‘If you went to a mind reader, he’d charge you half price.’
A popular radio star who solves real-life mysteries investigates the case of an old sea captain who was murdered on his grounded ship. Rumours of hidden treasure ensure that there are plenty of other parties interested in the case…
Milton Berle began his entertainment career with bit parts as a child actor before becoming a successful stage comedian. He began appearing in pictures again in the late 1930s, before being cast as the lead in a handful of ‘bottom of the bill’ programmers in the early years of the following decade. But the movies were a dead end and it was television that catapulted him to stardom in the late 1950s. Here he headlines what it essential a lightweight ‘old dark house’ mystery taking place on a derelict ship, and the setting is the only thing remotely original about the entire enterprise.
Berle is a smart-aleck radio star who ‘lifts the veil’ on notorious true-life crimes, although it’s never clarified whether he uses otherworldly means or more conventional methods. When he picks the old murder of a sea captain, he stirs up a whole hornet’s nest of trouble, especially when his first solution to the crime is easily disproved by the retired old policeman who originally headed up the investigation. Apparently, old Cap’n Wetherby was some kind of a pirate (in the early part of the 20th Century?!) so there’s the inevitable cache of hidden diamonds on his beached ship, and when Berle goes there in the dead of night to ‘solve’ the case again, you know he’s heading into trouble.
All the usual ‘murder mystery’ tropes of the period are present and correct. The ship’s already occupied by eccentric couple John Carradine and Renie Riano, a series of shifty characters keep turning up every few minutes, no-one can leave because of bad weather (a thick fog bank) and heroine Brenda Joyce is on hand as the heir to the pirate’s fortune. All the cast members lurk in the shadows acting as suspiciously as possible and Berle quips and smirks his way through the mechanical plot with a ready grin. It’s not the worst example of the genre that you’ll ever see, mainly because of a sprinkling of witty lines from scriptwriter Lou Breslow.
Its the cast of familiar faces in supporting roles that provides the main interest now. Carradine does an excellent frog impression (the highlight of the film), and Berle even refers to him as ‘Dracula’, which is remarkably prescient as the actor would appear as the vampire king for the first time in Universal’s ‘House of Frankenstein’ (1944), and on more than one occasion in subsequent decades.

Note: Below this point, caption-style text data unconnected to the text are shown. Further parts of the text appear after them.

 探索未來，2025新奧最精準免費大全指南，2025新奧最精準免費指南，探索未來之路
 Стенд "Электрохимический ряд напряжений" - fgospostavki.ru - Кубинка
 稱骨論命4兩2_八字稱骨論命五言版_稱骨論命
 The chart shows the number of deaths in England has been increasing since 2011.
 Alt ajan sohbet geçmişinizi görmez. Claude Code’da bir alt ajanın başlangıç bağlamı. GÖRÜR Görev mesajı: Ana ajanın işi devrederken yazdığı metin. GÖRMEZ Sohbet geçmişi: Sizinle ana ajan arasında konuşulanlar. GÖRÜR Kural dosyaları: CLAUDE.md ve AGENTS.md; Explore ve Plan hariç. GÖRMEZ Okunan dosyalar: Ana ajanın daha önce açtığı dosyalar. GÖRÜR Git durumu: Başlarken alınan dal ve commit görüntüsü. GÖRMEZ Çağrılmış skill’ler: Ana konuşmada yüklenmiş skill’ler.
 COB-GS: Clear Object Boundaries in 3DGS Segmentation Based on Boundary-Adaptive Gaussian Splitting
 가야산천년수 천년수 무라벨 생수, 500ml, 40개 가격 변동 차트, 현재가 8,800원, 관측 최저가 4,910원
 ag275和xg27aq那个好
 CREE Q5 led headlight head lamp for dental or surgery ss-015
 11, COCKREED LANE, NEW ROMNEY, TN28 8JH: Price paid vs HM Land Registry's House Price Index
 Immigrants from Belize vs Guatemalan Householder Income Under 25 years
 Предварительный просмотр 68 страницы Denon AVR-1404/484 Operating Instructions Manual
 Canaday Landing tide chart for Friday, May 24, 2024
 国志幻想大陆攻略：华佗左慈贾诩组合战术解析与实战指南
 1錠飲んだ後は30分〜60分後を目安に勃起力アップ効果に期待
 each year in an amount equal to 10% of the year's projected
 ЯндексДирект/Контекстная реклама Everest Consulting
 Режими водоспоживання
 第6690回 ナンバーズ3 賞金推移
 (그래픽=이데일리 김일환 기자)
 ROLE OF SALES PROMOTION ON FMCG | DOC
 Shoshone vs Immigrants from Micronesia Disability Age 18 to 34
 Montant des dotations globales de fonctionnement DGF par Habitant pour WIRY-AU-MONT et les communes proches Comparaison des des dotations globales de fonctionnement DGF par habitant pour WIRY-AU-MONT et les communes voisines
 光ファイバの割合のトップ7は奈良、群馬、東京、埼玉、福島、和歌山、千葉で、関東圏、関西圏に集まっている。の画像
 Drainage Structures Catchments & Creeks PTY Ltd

Edmund MacDonald appeared in Fritz Lang’s ‘Hangmen Also Die!’ (1943), ‘Black Friday’ (1940) with Karloff and Lugosi and in many other supporting roles in the 1940s. Abner Biberman was a regular Hollywood ‘heavy’ and Charles Halton carved out a long career as busybodies and minor officials, including turns in ‘The Best Years of Our Lives’ (1946), ‘To Be Or Not To Be’ (1942) and Hitchcock’s ‘Foreign Correspondent’ (1940).
ln more featured roles are Brenda Joyce and Willie Best. Joyce was best known as Weismuller’s second ‘Jane’ in MGM’s ‘Tarzan’ series, but was more than capable of better performances when given stronger material. Sadly, this script just provides her with the generic ‘damsel in distress’ assignment that she must have found no challenge at all. She retired from the screen before the end of the decade after reprising her ‘Jane’ for new kid in the jungle, Lex Barker, in ‘Tarzan’s Magic Fountain’ (1949). Best was an African-American musician and songwriter who was typed in idiotic servant roles, reflecting the racism endemic in Hollywood at the time. Although this is not as demeaning as some of his appearances (‘The Monster and the Ape’ (1945) for instance), there’s still plenty of eye- rolling, shaking and cowardice on display, which grates badly on a modern audience.
A standard ‘B’ flick of the time. Oh, and there are no ghosts; fake, real, whispering or otherwise!